IPSec Policy and Keynote

IPsec policy (under OpenBSD, anyway) used to be enforced by the Keynote trust management system. This is essentially a language used for describing whether a given IPsec connection attempt is legitimate or not. Typically, this policy is located in /etc/isakmpd/isakmpd.policy. (Later versions of OpenBSD eliminated this requirement.)

One common policy states the following:

To configure this type of policy, it is essential that the correct distuguished name be extracted from the CA certificate.

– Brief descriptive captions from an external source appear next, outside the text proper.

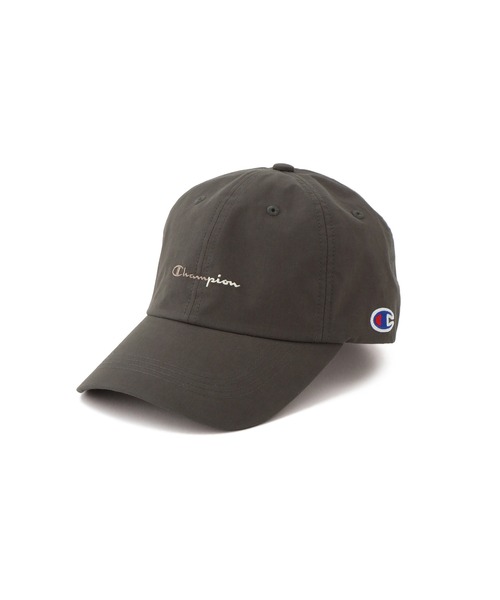 Champion（チャンピオン）の「【Champion/チャンピオン別注】Long visor cap/遮熱（キャップ・レディース・チャコールグレー/ブラウン/イエロー系その他/キナリ・FREE）」の9枚目の写真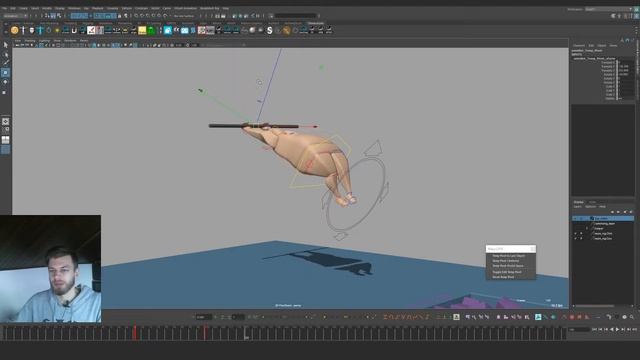 animBot tutorial | Temp Pivot, Micro Manipulator, Global Offset | Part 10 смотреть онлайн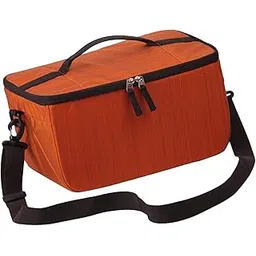 merishopp Portable Camera Bag Waterproof Breathable for Photography Outdoor Travel Orange Vertical Cameras & Photo | Camera & Photo Accessories | Cases, Bags & Covers-picture-19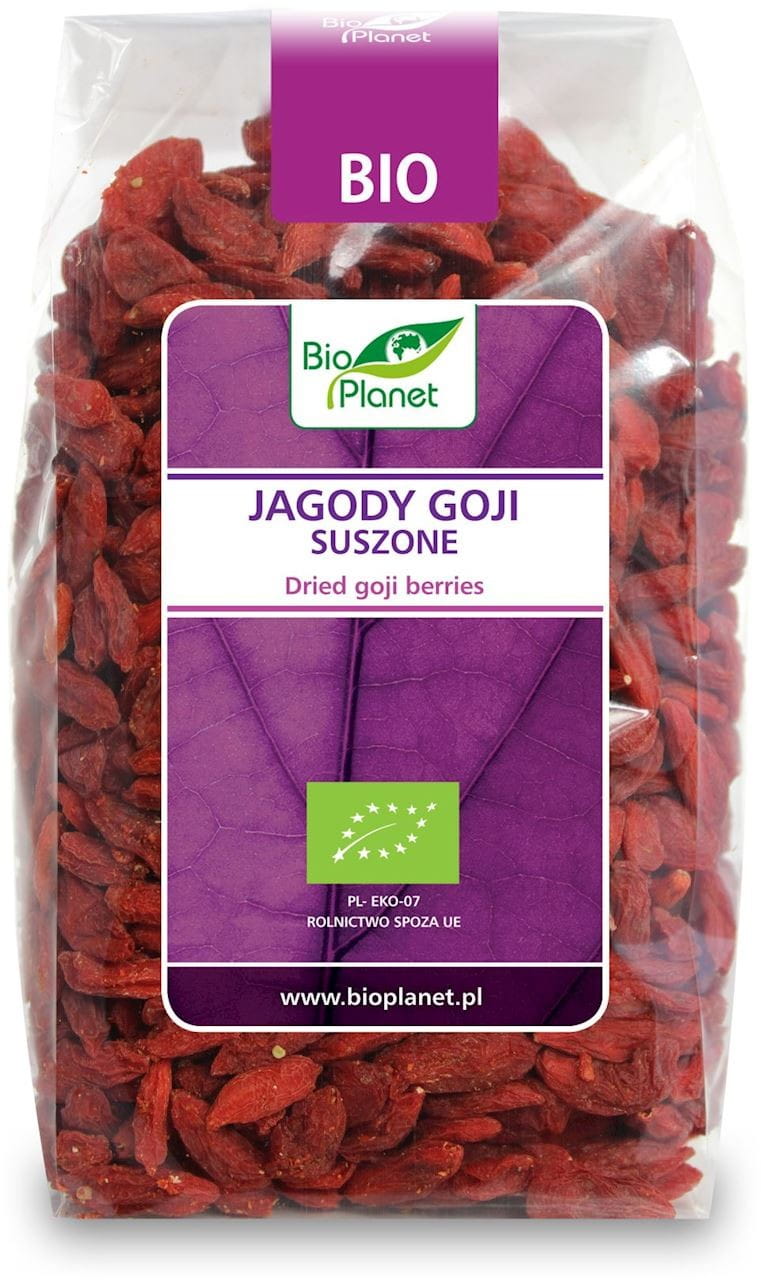 Baies de goji séchées BIO 250 g - BIO PLANET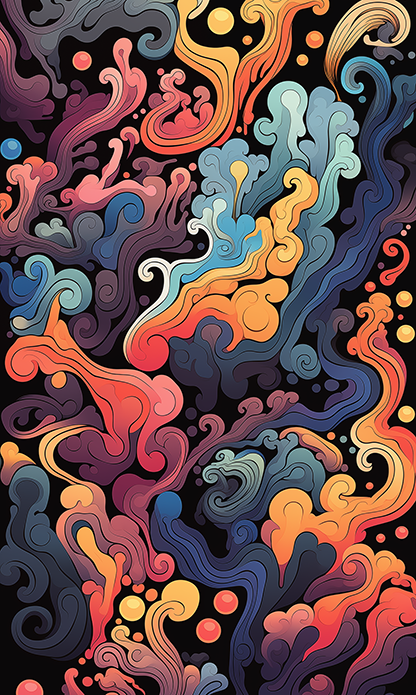 FREE Wallpaper: Abstract Swirls 05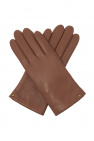 Coach BROWN Leather gloves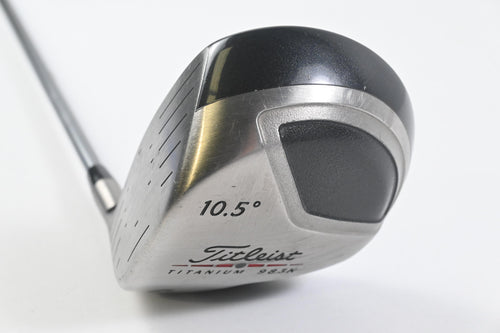Left Hand Titleist 983K Driver / 10.5 Degree / Regular Flex Titleist 4560 Shaft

This may be accomplished by the following: 

  # openssl x509 -in /etc/ssl/ca.crt -noout -subject | \
     sed -e 's@^subject= @@g'

Once this DN has been extracted, the isakmpd.policy file may be constructed: 

Keynote-version: 2
Authorizer: "POLICY"
Licensees: "DN:/C=CA/ST=Alberta/L=Calgary/O=My company/CN=ca@mycompany.com"
Conditions: app_domain == "IPsec policy" &&
            esp_present == "yes" &&
            esp_enc_alg != "null" -> "true";

Other references include:

Extended Key Usage (EKU) fields

EKU fields are used in X.509 certificates to indicate what applications a particular certificate may be used for. They are represented as OIDs, dotted-decimal strings of 28-bit integers. An OID is a totally general, but uniquely allocated hierarchial identifier used in a variety of standards. A master repository of OIDs is available at http://oid.elibel.tm.fr/.

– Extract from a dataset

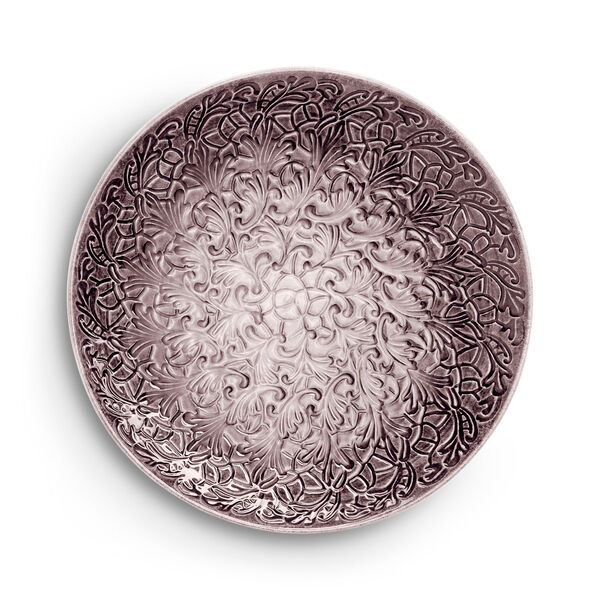 Lace Fad Ø34cm Blomme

For many crypto applications, EKU fields are not used at all. Occasionally, such as when interoperating between different vendors' products (e.g. Microsoft, using RADIUS authentication), it may be necessary to add one or more extension to a particular certificate. Some common EKU OIDs are:

1.3.6.1.5.5.7.3.1 (serverAuth)
SSL/TLS Web Server Certificate
1.3.6.1.5.5.7.3.2 (clientAuth)
SSL/TLS Web Client Certificate
1.3.6.1.5.5.7.3.3 (codeSigning)
Code Signing
1.3.6.1.5.5.7.3.4 (emailProtection)
Email Protection
1.3.6.1.5.5.7.3.8 (timeStamping)
Time Stamping
1.3.6.1.4.1.311.2.1.21 (msCodeInd)
Microsoft Individual Code Signing
1.3.6.1.4.1.311.2.1.22 (msCodeCom)
Microsoft Commercial Code Signing
1.3.6.1.4.1.311.10.3.1 (msCTLSign)
Microsoft Trust List Signing
1.3.6.1.4.1.311.10.3.3 (msSGC)
Microsoft Server Gated Crypto (strong crypto export approved)
1.3.6.1.4.1.311.10.3.4 (msEFS)
Microsoft Encrypted File System
2.16.840.1.113730.4.1 (nsSGC)
Netscape Server Gated Crypto (strong crypto export approved)

EKUs are added when a key is signed. To add extensions, they must first be saved to a configuration file; i.e. 

  [ ext_client ]
  # OID:1.3.6.1.5.5.7.3.2 = clientAuth to OpenSSL
  extendedKeyUsage=clientAuth
  subjectAltName=critical,email:$ENV::CN

If the above is saved to a file called /etc/ssl/ext.cnf, the following invocation will sign a certificate, adding both the SSL Client Certificate EKU and the subjectAltName extension used by isakmpd. 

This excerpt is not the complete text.